Meda e Rio sono infatti due esponenti dell'Arma: Rio è un capitano integerrimo, tenuto in grande considerazione. Meda fa i conti con i fantasmi del passato e con l'incidente d'auto in cui ha perso moglie e figlio. Riflessivo e algido il primo, impulsivo il secondo. Quando l'ombra dell'Orco di Velianova torna a oscurare la vita del tranquillo paese e Rio in primis, al quale viene rapito il figlio, i due si trovano a percorrere diverse piste, intrecciate letalmente una con l'altra.

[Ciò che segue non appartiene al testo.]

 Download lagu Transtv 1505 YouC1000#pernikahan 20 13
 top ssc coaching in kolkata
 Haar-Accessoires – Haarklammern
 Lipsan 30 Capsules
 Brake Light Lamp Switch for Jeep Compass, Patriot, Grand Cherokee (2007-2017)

I colpi di scena si susseguono senza sosta e ben presto è che chiaro che la storia, articolata su diversi piani, sia un vortice mortale, pronto a stritolare chi cerca di fare luce su delitti e sparizioni.

Intrigato anche da una serie di virtuosismi stilistici che rendono ancora più accattivante la narrazione – vedi le continue immagini di specchi d'acqua che simboleggiano la duplicità dei personaggi - e grazie anche alla superba fotografia di Davide Manca, il pubblico è coinvolto fin da subito e, come nel caso di ogni piccolo centro che si rispetti, dubita di chiunque, immedesimandosi ancora di più nella vicenda narrata.

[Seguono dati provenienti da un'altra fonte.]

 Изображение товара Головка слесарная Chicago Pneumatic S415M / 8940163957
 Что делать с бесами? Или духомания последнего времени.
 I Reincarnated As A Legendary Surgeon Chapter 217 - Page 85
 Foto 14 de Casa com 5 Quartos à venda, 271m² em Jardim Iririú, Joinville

Ci sono un tocco di True Detective, un pizzico di Seven, un accenno di Brian De Palma e una spolverata di Millennium Saga: molti sono i riferimenti ai quali il regista si è ispirato per fare sua questa storia in cui tutto sembra il contrario di tutto. E c'è una grande, triste e forse cinica verità che aleggia su quanto narrato: la dichiara il personaggio interpretato da Chiara Bassermann. “La figlia scomparsa di una prostituta non interessa, i figli dei ricchi sì”. Perché serie A e serie B sono ovunque, e forse sono il male principale.

Il 1° Novembre, giorno di Ognissanti, è raro che si organizzino cene fuori: motivo in più per accomodarsi sul divano e lasciarsi trascinare dalle atmosfere cupe e coinvolgenti di Ai confini del male. Confini per l'appunto, oltre i quali non possono che esserci il bene e la giustizia. O no?